# Is there anything worth seeing between Pisa - Rome



## Rapide561 (Oct 1, 2005)

Hi

In a couple of weeks, we should be making our way from Pisa - Rome via the West Coast of Italy - toll free on the SS1. We pass close to Grossetto. Has anyone been there? 

Is there anything else along this road worthy of a look?

Cheers

Russell


----------



## greenasthegrass (Oct 27, 2007)

Marina and lovely beach at Donaratico bit higher up. There is a street market Halfway up Monteverdi Marrittimo. You are in the Tuscan Hills so bit of wild boar hunting if you fancy!

Greenie


Ps can't believe I have actually been somewhere Russell hasn't! Lol


----------



## thieawin (Jun 7, 2006)

Lots, but I would avoid the coast and go inland and try Siena, Assisi, Castiglione del Lago, Perugia etc on the way down. Castiglione is fantastic, walled town with town hall, churches and a triangular Roman tower; there are a couple of sites on the lake side. Try Lido di Trasimeno.

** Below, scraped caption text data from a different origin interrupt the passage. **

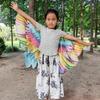 Bird Feather Print Rainbow Wing Cape Polyester Dress Up Wings New Costume Cape  Kids Dress Up
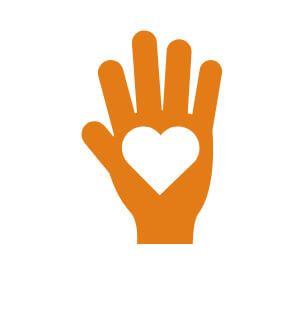 Hand with heart in center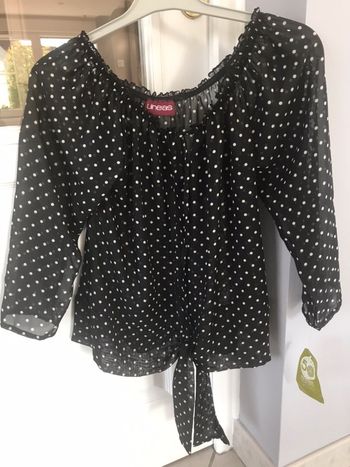 Blouse à pois transparente noire TU neuve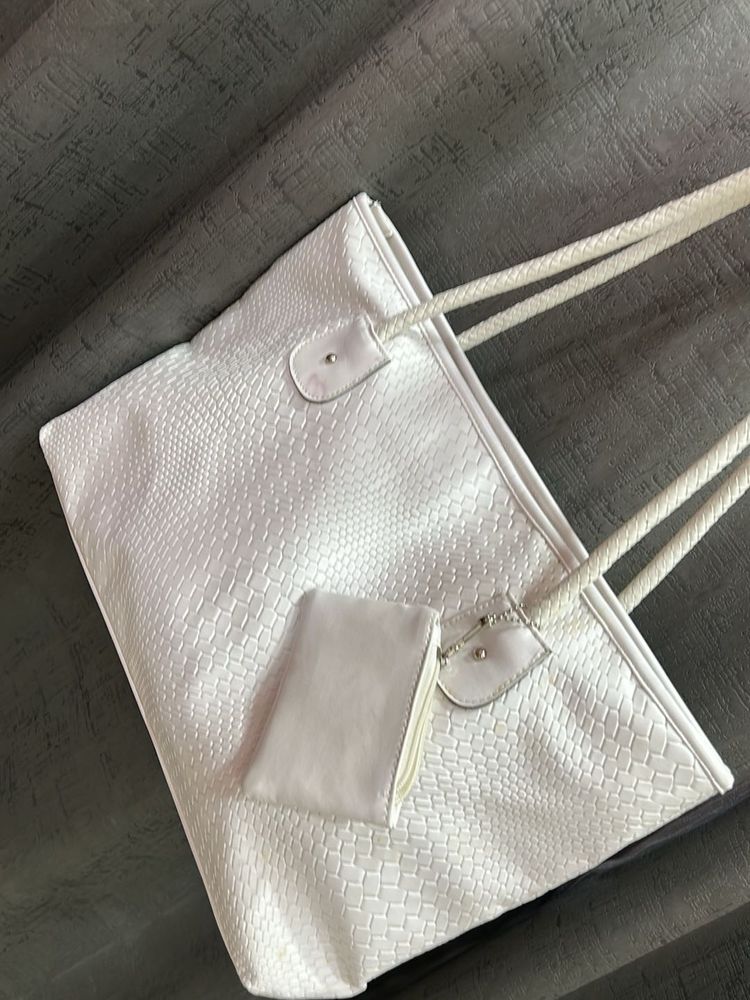 White Faux Leather Tote Bag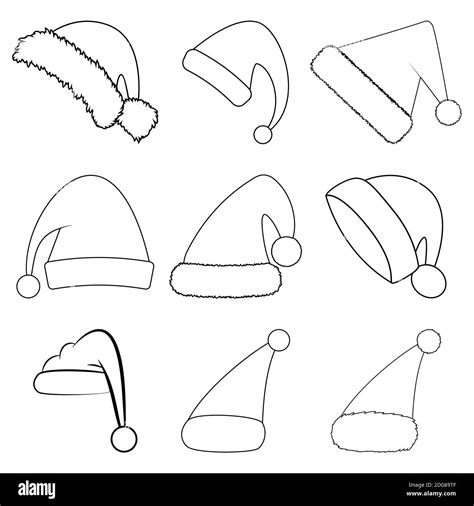 Santa christmas hat outline set. Contour shape collection of santa ...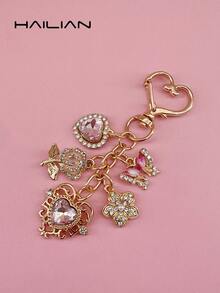 HAILIAN This Shiny Alloy Bag Charm Set Is Inlaid With Various Diamonds, Sparkling Hearts, Flowers And Butterflies. It Can Be Used As A Bag Charm, Keychain, And Also Makes A Great Birthday, Holiday Or Back-To-School Gift For Family, Friends Or Couples. - Gold - View 8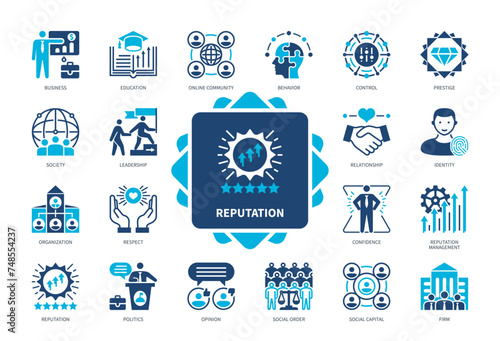 Reputation icon set. Social Order, Prestige, Leadership, Respect, Society, Confidence, Management, Relationship. Duotone color solid icons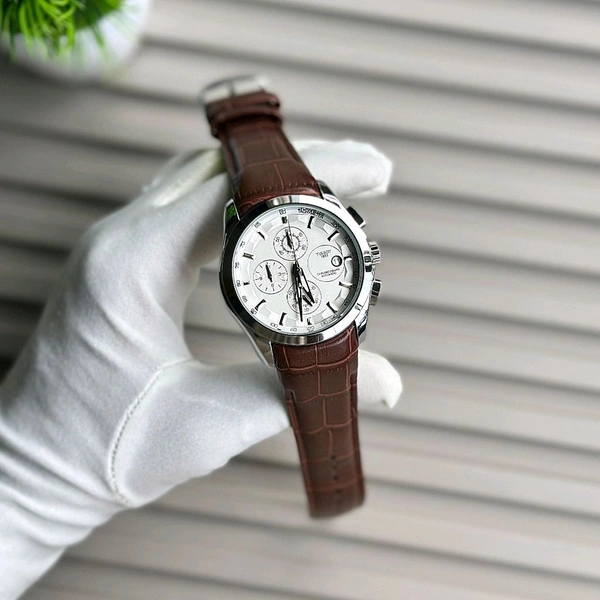 Men’s Classic Analog Watch – Elegant Dial, Date Display, Chronograph Working – Formal & Casual Wear - STB1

There is an open air market outside the town walls main gate each week with roast stuffed pig on a barbecue spit.

You could try Montepuliciano and Orvieto if you are in to wine or Capodimonte, both the latter on another lake side, lago di Bolsena.

At this stage you are about 55 miles North West of Rome

i know its not what you asked, but in my view the inland route has more opportunities for sightseeing, history and this is just the right time of year


----------



## Grizzly (May 9, 2005)

Very good sosta at Orvieto very close to the funicular up to the town. The cathedral there is gorgeous !

Be aware that Tuscan beaches are often pay-as-you sit and expensive; the public beaches need searching for and are not usually the best.

G


----------



## Rapide561 (Oct 1, 2005)

*Italy*

Hi

All the inland stuff is for the very slow northbound journey, with much of "thieawins" suggestions on the list.

As we are travelling toll free from Pisa to Roma via the SS1, I just wondered if there was anything worthy of a look.

Russell

Does anyone know if there is a Sosta at Montepulciano?


----------



## thieawin (Jun 7, 2006)

Yes except on market days (Thursday)

link

http://www.caravanecamper.net/aree_sosta.php?id=29&

You will need to translate, but there are pretty pictures of motorhomes.

John


----------



## Rapide561 (Oct 1, 2005)

*Chianciano*

Thanks for the link John.

I have been to Montepulciano before on several occasions and once on foot having walked, yes walked from Chianciano Terme.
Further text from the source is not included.